Fourier transform of a time-derivative signal post-operated by an exponential

Question

Is the Fourier transform of $e^{-at}\dot{x}(t)$ for $a>0$ given by $j\omega X(a+j\omega)$ where $X(j\omega)$ is the Fourier transform of $x(t)$? Can somebody please show me the steps how to derive it without using the shortcuts.

Answer 1

By the Convolution theorem, we have that the Fourier Transform of a product is given by the convolution of their Fourier Transforms:

$$\mathcal{F}[f(t)g(t)](\omega) = \sqrt{2\pi}\int_{-\infty}^\infty \mathcal{F}[f(t)](s -\omega)\mathcal{F}[g(t)](s)\, ds$$

The Fourier Transform of $e^{-at}$ is given by

\begin{align} \mathcal{F}[e^{-at}](\omega) &= \frac{1}{\sqrt{2\pi}}\int_{-\infty}^\infty e^{-(a+i\omega)t}\, dt\\ &= \frac{1}{\sqrt{2\pi}}\int_{-\infty}^\infty e^{-i(\omega - ia)t}\,dt\\ &= \sqrt{2\pi}\,\delta(\omega-ia) \end{align}

The Fourier Transform of $\dot x(t)$ can be obtained using integration by parts:

\begin{align} \mathcal{F}[\dot x(t)](\omega) &= \frac{1}{\sqrt{2\pi}}\int_{-\infty}^\infty \dot x(t)e^{-i\omega t}\,dt\\ &= \frac{-i\omega}{\sqrt{2\pi}}\int_{-\infty}^\infty x(t) e^{-i\omega t}\,dt\\ &= -i\omega\mathcal{F}[x(t)](\omega) =: -i\omega\xi(\omega) \end{align}

Plugging these results into the convolution integral from above, we have

\begin{align} \mathcal{F}\left[e^{-at}\dot x(t)\right](\omega) &= -2\pi i\int_{-\infty}^\infty \delta(s - (\omega + ia))\, s\,\xi(s)\\ &= - 2\pi i\left(\omega + ia\right)\xi(\omega + ia) \end{align}

As you can see, aside from some factors of $-2\pi$, which can be down to convention, your second result is nearly the correct one - you're just missing an $i$ in there as well.

Answer 2

I provide the following as an alternative that sticks a little more closely to your original notation.

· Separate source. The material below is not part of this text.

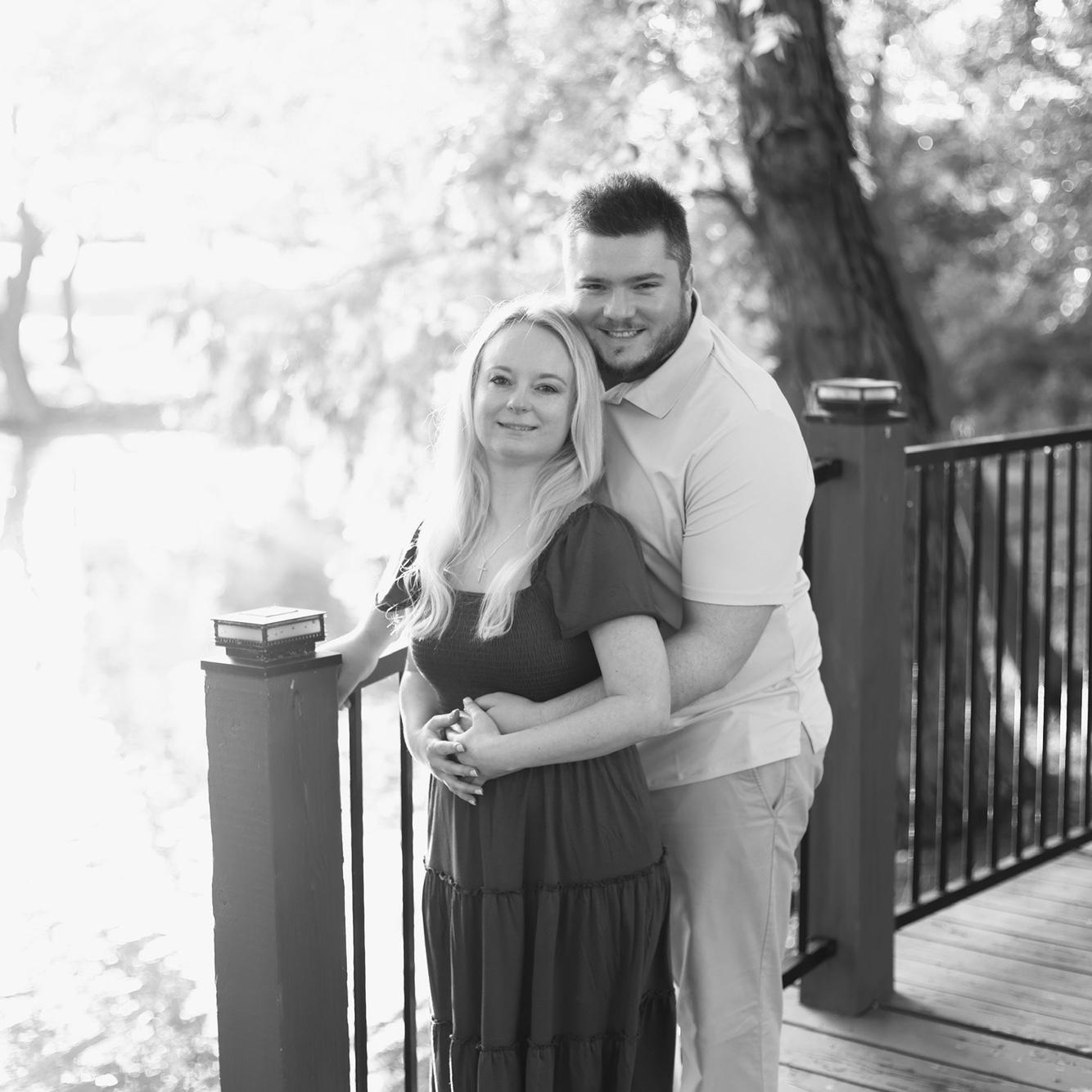 Engagement photo shoot 
04/24/26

Let $$y\left( t \right) = {e^{ - at}}\dot x\left( t \right){\rm{ }}a > 0$$ Since $$X\left( {j\omega } \right) = \int\limits_{ - \infty }^\infty {dt\,{e^{ - j\omega t}}} x\left( t \right){\rm{ }} \Rightarrow {\rm{ }}X\left( {j\omega + a} \right) = \int\limits_{ - \infty }^\infty {dt\,{e^{ - \left( {j\omega + a} \right)t}}x\left( t \right)}$$ using integration by parts $$\begin{array}{c} Y\left( {j\omega } \right) = \int\limits_{ - \infty }^\infty {dt\,{e^{ - j\omega t}}} y\left( t \right) = \int\limits_{ - \infty }^\infty {dt\,{e^{ - \left( {j\omega + a} \right)t}}\dot x\left( t \right)} \\ = - \left( {j\omega + a} \right)\left. {{e^{ - \left( {j\omega + a} \right)t}}x\left( t \right)} \right|_{ - \infty }^\infty + \left( {j\omega + a} \right)\int\limits_{ - \infty }^\infty {dt\,{e^{ - \left( {j\omega + a} \right)t}}x\left( t \right)} \\ = \left( {j\omega + a} \right)X\left( {j\omega + a} \right) \end{array}$$ This derivation assumes both Fourier Transforms actually exist and that the endpoints in the integration by parts vanish. As far as I can tell, this is equivalent to the previous answer, other than the normalization assumed and the integration by parts, where I think an additional minus sign got added.